On the day Bobby Hurley was hired as ASU's basketball coach in April 2015, the Arizona Republic's master headline read: "Hurley brings instant relevance to ASU."

Sun Devil president Michael Crow said, "You have to win 60 to 65% of your games, in conference, or you have no hope of ever competing. We have to get this program 25 to 30% more effective than it has been."

Hurley has won 43.9% of his conference games at ASU. That's 83-106 overall.

Arizona State head coach Bobby Hurley looks on during the second half of an NCAA basketball game against BYU, Wednesday, Jan. 7, 2026, in Provo, Utah. (AP Photo/Rob Gray)

The once-grand UA-ASU basketball rivalry, which hit its zenith in the Fred Snowden vs. Ned Wulk days of the 1970s, has not been revived. ASU is not seen as Arizona's much-sought arch-rival. Hurley's clubs have lost at McKale Center by scores of 99-61, 105-64 and 113-100 and are 4-17 overall against the Wildcats.

I bring this to your attention because Hurley will make what is likely to be his final appearance at McKale on Wednesday. The Sun Devils are ranked No. 92 by Kenpom.com with dreadful back-to-back losses (at home) to not-on-the-radar programs Oregon State and Colorado.

Hurley's contract expires this season. He has been paid roughly $30 million in an attempt to make Sun Devil basketball relevant but, alas, it hasn't worked.

How was ASU so wrong when it seemed so right to hire Hurley away from Buffalo in the spring of 2015? Hurley turned out to be a scheme-coach, not a culture-coach. You must do both successfully to win in college basketball (or football) and Hurley's program has been a revolving door of players and assistant coaches coming and going. He knows the X's and O's as well as anybody, but as you watch Tommy Lloyd interact with his players and staff at Arizona — one of the most likeable and respected coaches imaginable — you can see why Hurley has failed.

When you watch an ASU basketball game, your focus isn't on the competition, it's on Hurley.

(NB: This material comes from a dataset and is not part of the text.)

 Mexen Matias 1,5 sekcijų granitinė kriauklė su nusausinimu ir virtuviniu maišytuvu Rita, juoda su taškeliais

At what point will he blow his stack and get a T? It's sad.

Arizona State head coach Bobby Hurley against Gonzaga during the first half of an NCAA college basketball game, Friday, Nov. 14, 2025, in Tempe, Ariz. (AP Photo/Rick Scuteri)

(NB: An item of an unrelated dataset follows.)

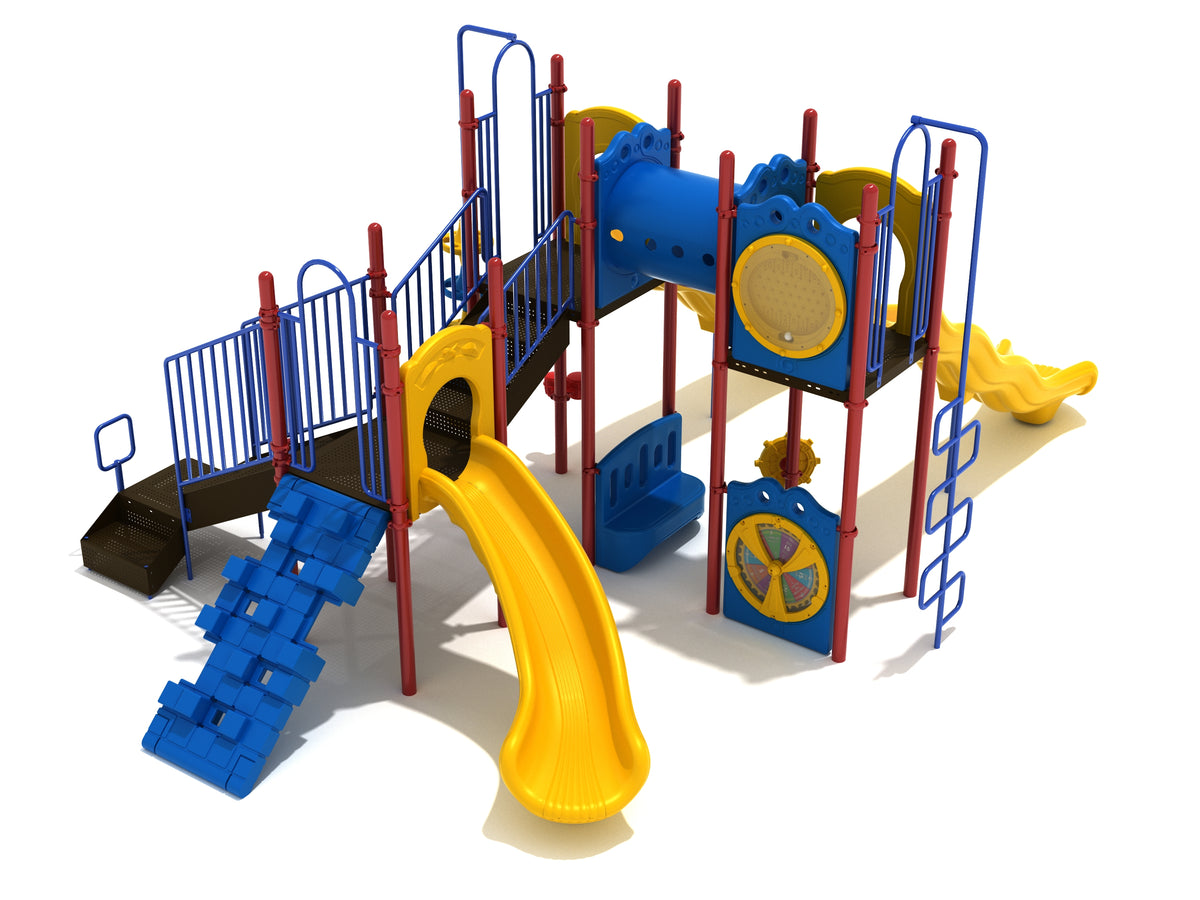 Colorful playground structure with twin yellow wave slides, blue climbers, tube bridge, activity panels, and red support posts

ASU hasn't been relevant in basketball since 1981, when it climbed to as high as No. 3 nationally under Wulk. But when ASU fired Wulk two years later, it made a hire that was so bad that it has defined ASU basketball for four decades. ASU hired Penn coach Bob Weinhauer, a gruff, unlikable East Coast guy who was, as Hurley, very good at X's and Os but had a temper-tantrum personality unable to foster a winning culture.

ASU athletic director Dick Tamburo hired Weinhauer away from Penn one year before Arizona pulled off a coup by hiring Final Four head coach Lute Olson from Iowa. Tamburo blew it by not hiring Pepperdine head coach Jim Harrick, who went on to lead UCLA to the 1995 NCAA championship; Harrick has been UCLA's best head coach since John Wooden retired. ASU could've had Harrick, a Southern California guy, and recruited on par with Olson.

Instead, Weinhauer was followed at ASU by coaches who couldn't win even 60% of their overall games. Herb Sendek won 53.7% of his games, Rob Evans won 49.8% and Bill Frieder, the best of the bunch, only won 55.0% in eight seasons. Sendek and Evans, who were allowed to coach ASU basketball for a combined 17 years, both suffered from personality bypass syndrome. They were not program builders.

Hurley walked into that trap and has followed suit.

On the day Hurley was hired, Crow told the media, "Bobby will change the mindset, and once we change the mindset we'll be on track." We're still waiting for that day.